China’s Economic System Isn’t ‘Incompatible’ with WTO Rules
The Select Committee of the House of Representatives on the Strategic Competition between the United States and the Chinese Communist Party has just issued its report, which is entitled “Reset, Prevent, Build: A Strategy to Win America’s Economic Competition with the Chinese Communist Party.”
This report includes some excellent recommendations, such as investing in US innovation, creating tax incentives to encourage private US investment, creating transparency in US supply chains, and more. Unfortunately, its recommendations on trade are based in part on the false premise that China’s economic system “is incompatible with the WTO.”
There is, to be sure, much to criticize in China’s economic system. It is founded on an authoritarian (and increasingly totalitarian) mix of communism and state capitalism that is in most respects the very opposite of what a free market should be in a free country. And numerous Chinese practices that affect trade are, to say the least, suspect under the rules of the World Trade Organization.
The committee is correct in reporting that China has often violated WTO rules and that it “uses an intricate web of industrial policies, including subsidies, forced technology transfer, and market access restrictions, to distort market behavior, achieve dominance in global markets, and increase US dependency on PRC imports.”

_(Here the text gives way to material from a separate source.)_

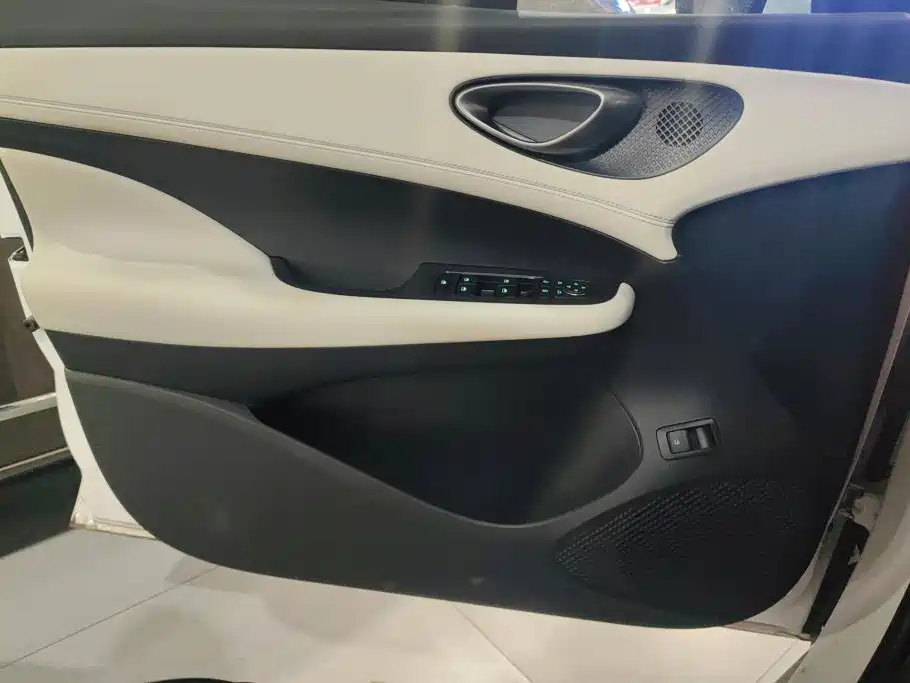 BYD Seal 05 DM-i 2025 — фото 7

It is equally correct in contending that “the PRC has failed to live up to its World Trade Organization (WTO) commitments by empowering its state‐owned enterprises, massively subsidizing its domestic industry, and closing its markets” while “at the same time, the CCP has pursued extensive industrial policies that provide low-cost—often free—capital and regulatory support to PRC companies, which puts US companies at a severe disadvantage globally.”
The committee is, though, a bit too clever in saying that, in response to the many cases brought and won in the WTO by the United States against China in the past twenty years, “even if the PRC changed the specific practices at issue, it did not change the underlying problem.” The record is clear that when China has lost a case before the WTO, in almost every instance it has complied with the WTO ruling in a reasonable period.
For many of the reasons set out in the report, most WTO scholars and practitioners—including this one—would agree with the committee that “the PRC’s state‐led economic system is antithetical to the founding principles of the WTO.” But this is not the same as saying that the Chinese economic system is “incompatible” with the WTO, which implies that it is inconsistent with the WTO treaty and thus constitutes a violation of international trade law.
Nothing in the WTO treaty requires that the 164 member countries of the WTO‐based multilateral trading system structure their domestic markets around free private enterprise—as desirable as that would be. The WTO treaty establishes a framework for freeing trade and opening markets, but it in no way mandates it. For the most part, the WTO treaty simply obliges WTO members not to discriminate between and among traded products irrespective of how their domestic economies may be structured.
For example, state restrictions on trade to safeguard the balance of payments of a WTO member are permitted under Article XII of the General Agreement on Tariffs and Trade, which is one of the multilateral trade agreements that comprise the WTO treaty. In addition, state trading enterprises are allowed under Article XVII of the GATT and many governmental subsidies are permissible under the WTO Agreement on Subsidies and Countervailing Measures.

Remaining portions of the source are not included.